***** LISTED RECORDS

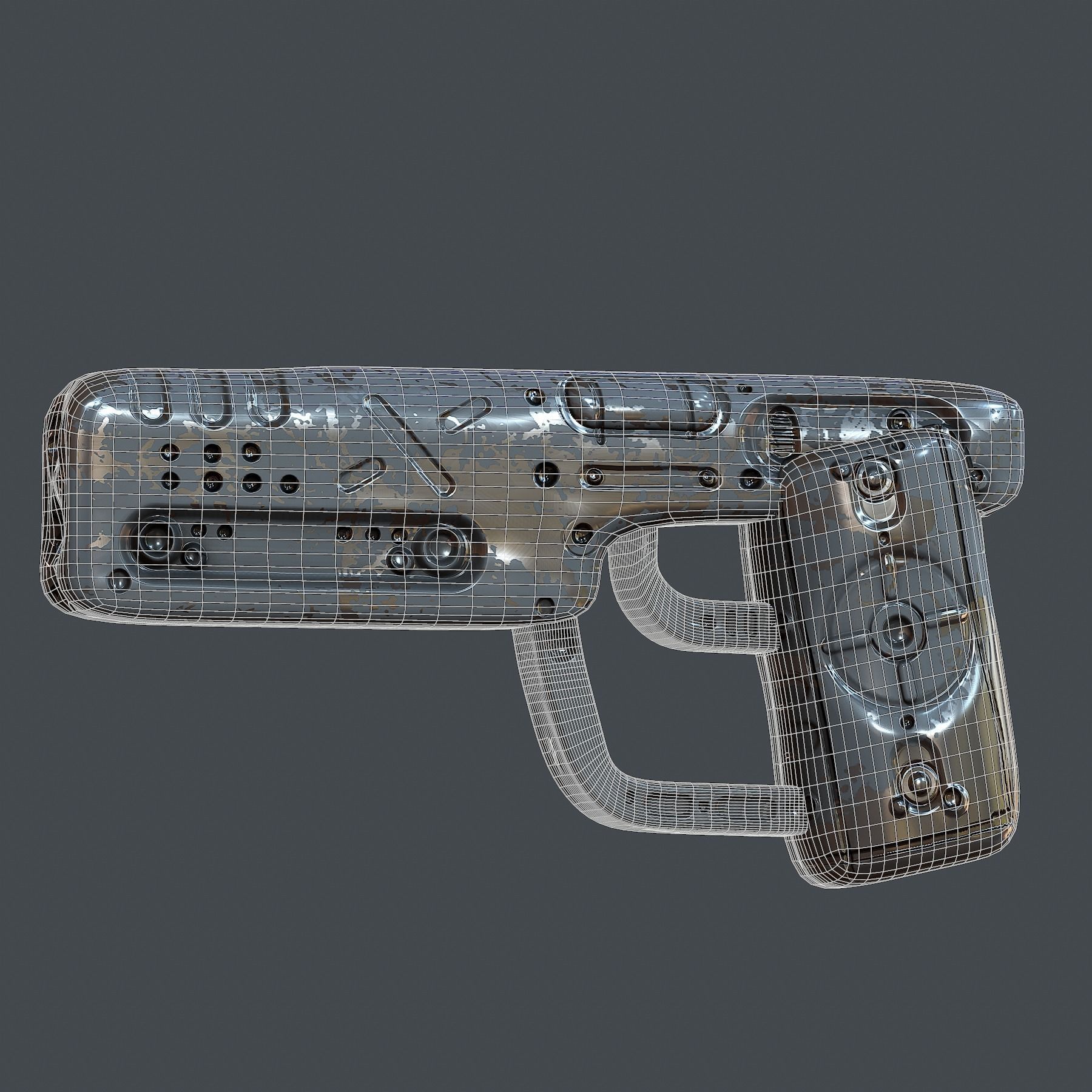 Gun scifi 3d model scifi Low-poly Low-poly 3D model Low-poly Low-poly 3D model_9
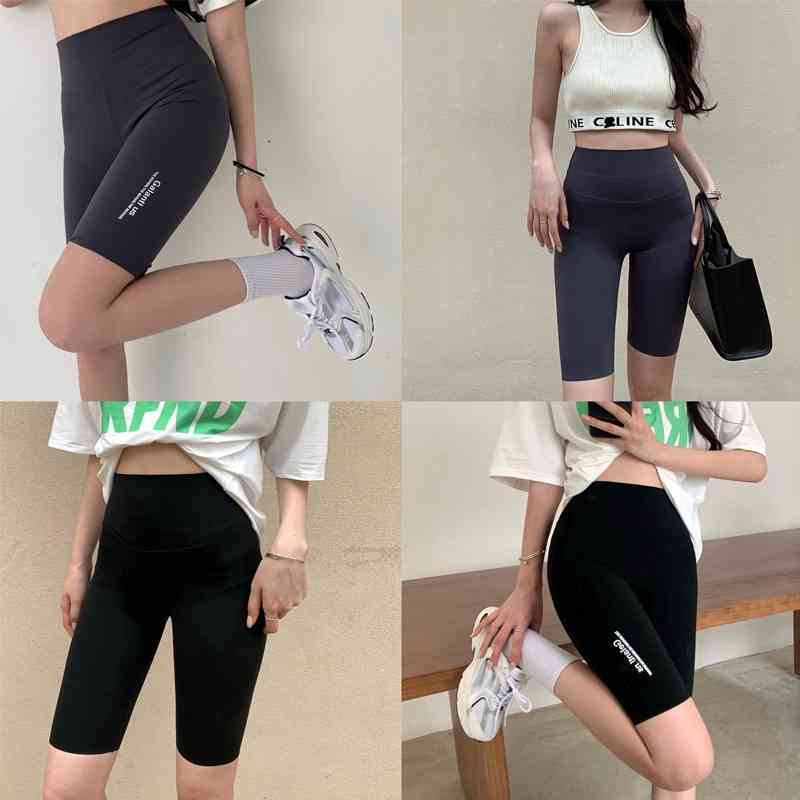 Riding women&#039;s summer shark pants wear five legged tight Leggings close belly and hip lifting Yoga Pants show thin shorts-image-702429391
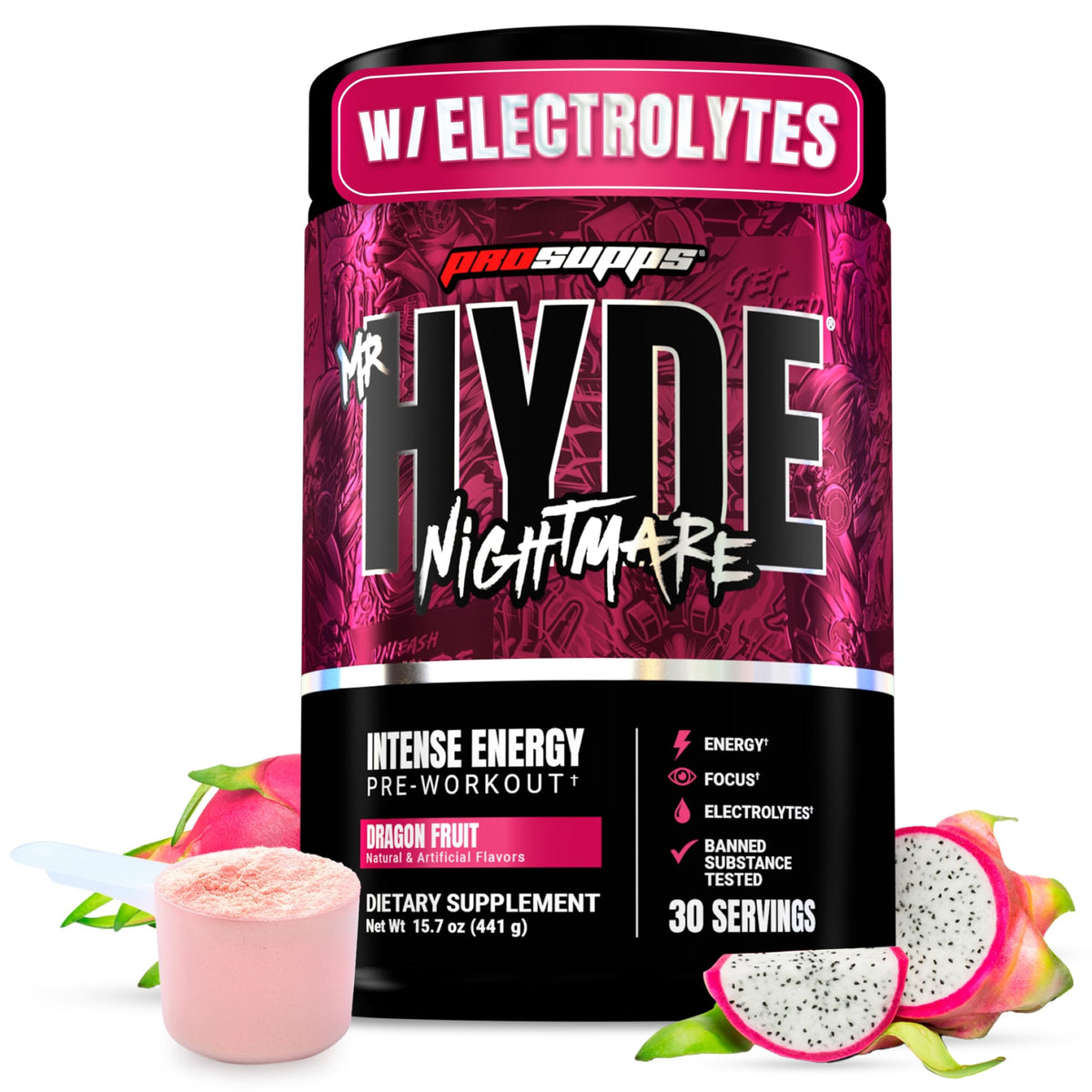 ProSupps Mr. Hyde Nightmare etiqueta frontal mostrando fuerza y sabor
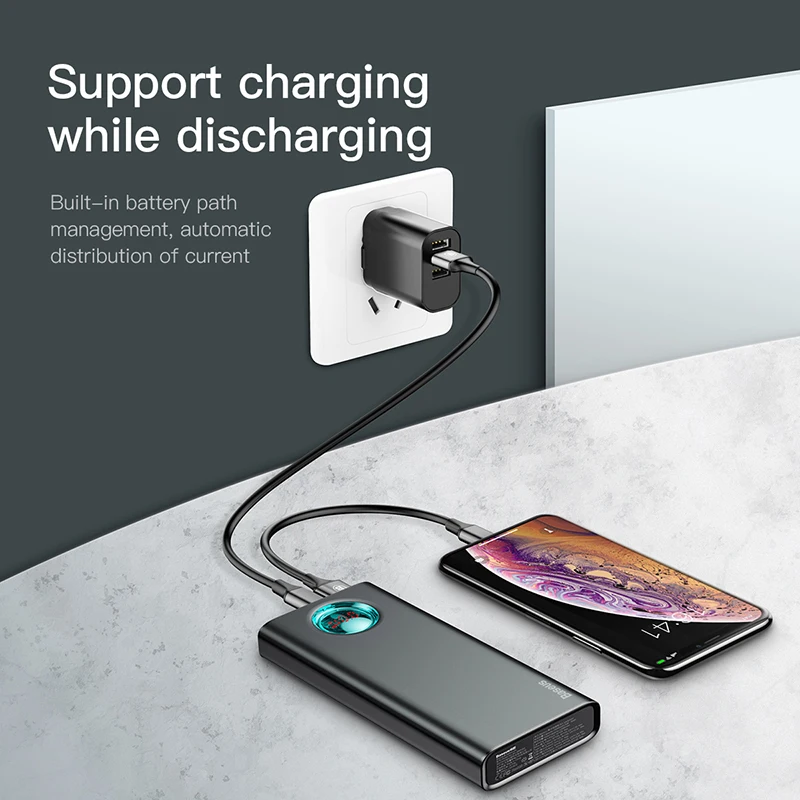 Внешний аккумулятор Baseus на 20000 мА · ч с портами USB Type C и поддержкой быстрой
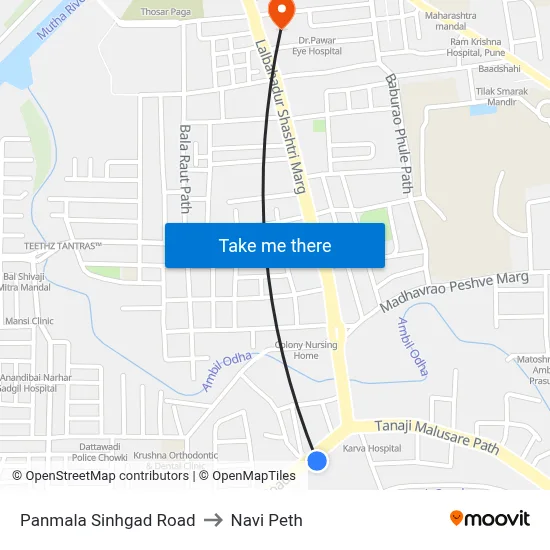 Panmala Sinhgad Road to Navi Peth map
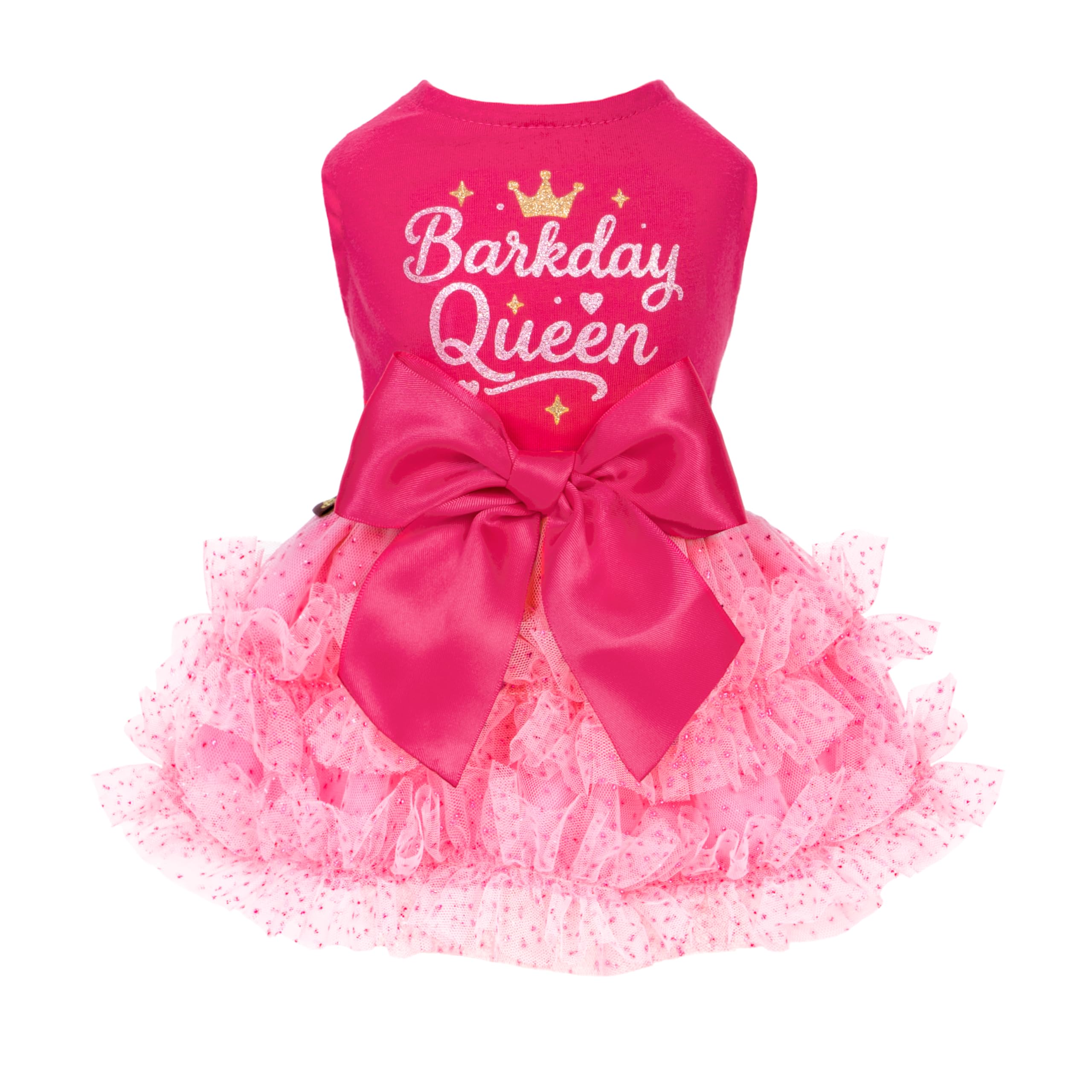 Fitwarm Barkday Queen: vista frontal del vestido para perros pequeños, ideal para cumpleaños.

**********

◆ ABOUT THIS TASK
Output every entry above exactly as written, but omit the pictures.

◆ RESPONSE
 Gun scifi 3d model scifi Low-poly Low-poly 3D model Low-poly Low-poly 3D model_9
 Riding women&#039;s summer shark pants wear five legged tight Leggings close belly and hip lifting Yoga Pants show thin shorts-image-702429391
 ProSupps Mr. Hyde Nightmare etiqueta frontal mostrando fuerza y sabor
 Внешний аккумулятор Baseus на 20000 мА · ч с портами USB Type C и поддержкой быстрой
 Panmala Sinhgad Road to Navi Peth map
 Fitwarm Barkday Queen: vista frontal del vestido para perros pequeños, ideal para cumpleaños.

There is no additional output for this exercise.